## INDEX

### Solution of good question C operator question

Solution of good question C operator question
Solution section

(1)
output: c
explanation :

0.7f is float constant. Its binary value is written in 32 bit.

0.7 is double constant (default). Its binary value is written in 64 bit.

0.7L is long double constant. Its binary value is written in 80 bit.

binary value of 0.7=(0.1011 0011 0011 0011 0011 0011 0011 0011 0011 0011 0011)

Now, here variable a is a float variable while 0.7 is double constant. So, variable a contains only 32 bit value i.e.

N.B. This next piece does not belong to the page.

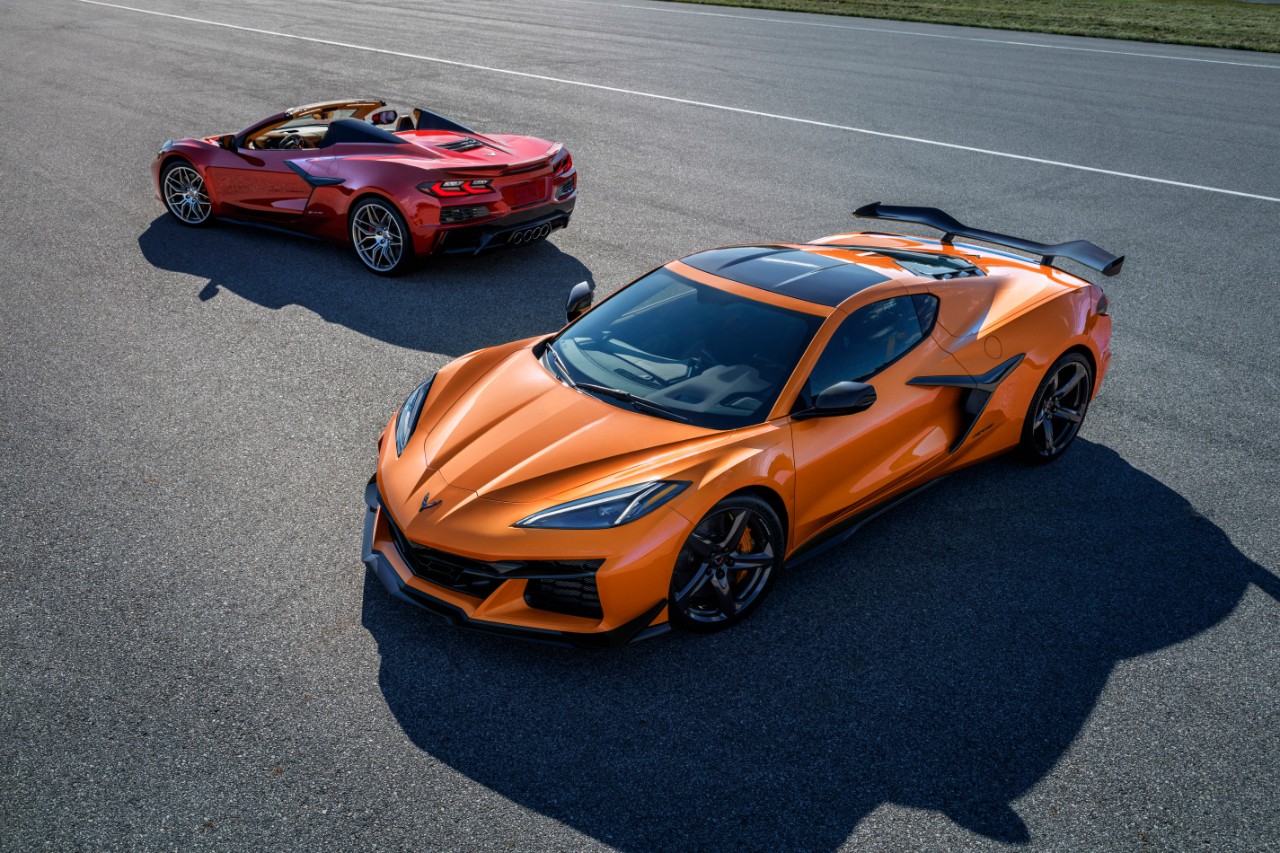 2023-Chevrolet-Corvette-Z06-011.jpeg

a=0.1011 0011 0011 0011 0011 0011 0011 0011
while
0.7=0.1011 0011 0011 0011 0011 0011 0011 0011 0011 0011 0011....

It is obvious a < 0.7

(2)
Output: 8 24
Explanation:

rule :- ++ is pre increment operator so in any arithmetic operation it first increment the value of variable by one in whole equation then start assigning the end value of variable in the equation . j=++i + ++i + ++i; initial value of i=5 after three times increment i=8 now final value of variable i i.e. 8 will be assigned to each. So j=8+8+8;
j=24;
i=8;

(3)
Output: 5
Explanation:

i++ i.e. when postfix is used with variable in expression then expression is evaluated first with original value then variable is incremented. So i=2+2*1 i=4 now i will be incremented by one so i=4+1=5

(4)
Output: 0
Explanation:

== is relation operator which will give only two value they are 0: if a==b is false 1: if a==b is true now a=2 b=7 so a==b is false hence b=0

(5)
Output: 10
Explanation:

Comma operator (,) has least precedence and its associative is from left to right so assignment operator (=) has more precedence than comma operator .So = operator will be evaluated first than comma operator x = 10, 20, 30 precedence 1 2 3 first x =10 will be evaluated then control will transfer to 20 then 30.

(6)
Output: false
Explanation:

if(a=0) then a=0 so if(0) means false if(1) means true note : if(n) means true, where n is any number either positive or negative except zero

(7)
Output: 131
Explanation:

015 is octal number its decimal equivalent is =5*8^0+1*8^1 =5+8 =13 0x71 is hexadecimal number (0x is symbol of hexadecimal) its decimal equivalent is =1*16^0+7*16^1 =1+112 =113 so a=13+113+5=131

(8)
Output: 8 4 10
Explanation:

3.14f is float constant. Its size is 4 byte. 3.14 is double constant (default). Its size is 8 byte. 3.14L is long double constant. Its size is 10 byte. sizeof() operator always return the size of data type which is written inside the(). It is keyword.

(9)
Output: 5 20 100
Explanation:

By default x, y, z are auto type data which stores in stack in memory. Stack is LIFO data structure. So in stack first stores 100 then 20 then 5 and program counter (2 byte) points top element i.e. 5 .Default value of %d in printf is data which is present in stack. So output is revere order of declaration. So output will be 5 20 100.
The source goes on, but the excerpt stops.